Langkah tersebut diambil menyusul adanya tuduhan yang dinilai tidak berdasar dan dianggap merugikan nama baik serta kredibilitas lembaga.
Dalam surat somasi bernomor 023/SS/BPI-KPNPA RI/SULSEL/V/2026, BPI KPNPA RI menyoroti tindakan Rahmat Hasan yang mencabut kuasa secara sepihak pada 8 Mei 2026.
Pencabutan kuasa itu disertai sejumlah tudingan terhadap pengurus lembaga yang saat itu tengah menjalankan koordinasi terkait sengketa pertanahan.
Pihak BPI KPNPA RI menyebutkan, beberapa tuduhan yang dilontarkan Rahmat Hasan di antaranya terkait dugaan pengurus tidak menjalankan tugas sebagaimana mestinya, proses pengurusan lahan yang dianggap tidak tepat waktu, hingga tudingan kurangnya informasi perkembangan penanganan perkara.
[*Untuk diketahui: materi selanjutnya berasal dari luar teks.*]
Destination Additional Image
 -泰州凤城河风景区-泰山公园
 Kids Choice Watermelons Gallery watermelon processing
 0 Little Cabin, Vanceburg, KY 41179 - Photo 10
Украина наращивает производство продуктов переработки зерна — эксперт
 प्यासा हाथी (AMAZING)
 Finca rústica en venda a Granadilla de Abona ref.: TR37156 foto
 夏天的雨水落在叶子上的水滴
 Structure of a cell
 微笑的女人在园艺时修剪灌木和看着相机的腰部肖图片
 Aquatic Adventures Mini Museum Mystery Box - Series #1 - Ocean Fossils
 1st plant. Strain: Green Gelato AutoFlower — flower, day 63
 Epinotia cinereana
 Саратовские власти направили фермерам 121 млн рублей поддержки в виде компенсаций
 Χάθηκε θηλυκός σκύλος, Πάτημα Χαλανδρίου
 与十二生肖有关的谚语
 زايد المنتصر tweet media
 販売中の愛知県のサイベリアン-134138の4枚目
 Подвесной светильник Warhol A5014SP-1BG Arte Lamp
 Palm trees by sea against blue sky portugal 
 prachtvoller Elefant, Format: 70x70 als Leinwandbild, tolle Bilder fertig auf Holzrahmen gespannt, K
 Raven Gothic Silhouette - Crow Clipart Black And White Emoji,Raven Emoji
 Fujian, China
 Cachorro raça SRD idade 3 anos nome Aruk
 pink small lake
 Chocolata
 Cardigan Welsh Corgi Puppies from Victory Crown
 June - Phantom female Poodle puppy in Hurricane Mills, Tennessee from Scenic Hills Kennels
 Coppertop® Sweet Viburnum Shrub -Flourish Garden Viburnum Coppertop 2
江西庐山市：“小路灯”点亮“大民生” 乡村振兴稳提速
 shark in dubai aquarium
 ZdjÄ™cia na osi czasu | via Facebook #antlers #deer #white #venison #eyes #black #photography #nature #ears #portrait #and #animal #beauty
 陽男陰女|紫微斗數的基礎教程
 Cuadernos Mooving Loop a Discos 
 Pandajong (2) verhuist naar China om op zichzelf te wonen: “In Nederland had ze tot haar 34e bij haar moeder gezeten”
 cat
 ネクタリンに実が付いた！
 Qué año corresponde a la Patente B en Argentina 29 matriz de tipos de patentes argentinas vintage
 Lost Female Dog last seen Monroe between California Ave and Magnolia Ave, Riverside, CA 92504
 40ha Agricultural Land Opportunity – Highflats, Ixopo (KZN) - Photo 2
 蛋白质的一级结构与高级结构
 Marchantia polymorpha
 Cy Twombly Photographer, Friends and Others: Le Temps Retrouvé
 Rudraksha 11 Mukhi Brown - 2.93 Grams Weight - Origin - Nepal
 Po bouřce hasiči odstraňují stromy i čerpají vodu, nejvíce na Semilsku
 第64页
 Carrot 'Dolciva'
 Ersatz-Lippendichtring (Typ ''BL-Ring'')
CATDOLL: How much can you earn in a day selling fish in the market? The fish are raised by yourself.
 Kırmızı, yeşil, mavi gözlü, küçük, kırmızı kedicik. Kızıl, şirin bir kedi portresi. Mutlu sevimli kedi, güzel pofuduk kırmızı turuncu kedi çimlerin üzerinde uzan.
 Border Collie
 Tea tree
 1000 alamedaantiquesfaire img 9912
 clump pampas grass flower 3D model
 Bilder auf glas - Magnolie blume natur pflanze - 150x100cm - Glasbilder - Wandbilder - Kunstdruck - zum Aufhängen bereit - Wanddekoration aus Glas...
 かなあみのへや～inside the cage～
Namun, pihak lembaga menegaskan bahwa tuduhan tersebut tidak sesuai dengan fakta di lapangan.
Koordinator Wilayah (Korwil) BPI KPNPA RI Sulsel, Amiruddin, mengatakan pihaknya memiliki dokumentasi dan bukti koordinasi yang telah dilakukan selama proses pendampingan berlangsung.
Menurutnya, komunikasi aktif dengan Rahmat Hasan telah beberapa kali dilakukan, termasuk pertemuan di kediamannya pada 13 April 2026 serta koordinasi dengan pihak pertanahan sejak Desember 2025.
“Seluruh proses pendampingan dan koordinasi telah kami jalankan sesuai mekanisme. Tuduhan yang diarahkan kepada lembaga dinilai tidak berdasar dan berpotensi merugikan nama baik institusi,” ujar Amiruddin dalam keterangannya.
Dalam surat somasi tersebut, BPI KPNPA RI juga mengingatkan bahwa penyampaian tuduhan tanpa dasar yang jelas dapat berimplikasi hukum.
Pihak lembaga turut menyinggung Pasal 492 KUHP terkait dugaan perbuatan curang atau penyampaian informasi yang dianggap tidak benar untuk kepentingan tertentu.
BPI KPNPA RI memberikan waktu 2×24 jam kepada Rahmat Hasan untuk memberikan klarifikasi serta membuktikan seluruh tuduhan yang telah disampaikan.
“Jika dalam batas waktu tersebut tidak ada itikad baik maupun klarifikasi resmi, maka kami akan menindaklanjuti persoalan ini ke pihak berwenang sesuai ketentuan hukum yang berlaku,” tegas Amiruddin, Kamis (21/5/2026).
BPI KPNPA RI menambahkan bahwa sebagai lembaga pengawas yang bermitra dengan Kepolisian, Kejaksaan, dan Kemenko Polhukam, pihaknya menjunjung tinggi profesionalitas dalam menjalankan tugas.
Somasi tersebut, lanjutnya, dilakukan sebagai langkah menjaga marwah lembaga dari opini negatif yang dinilai tidak dapat dipertanggungjawabkan.
Hingga berita ini diterbitkan, Rahmat Hasan belum memberikan keterangan resmi terkait somasi yang dilayangkan kepadanya.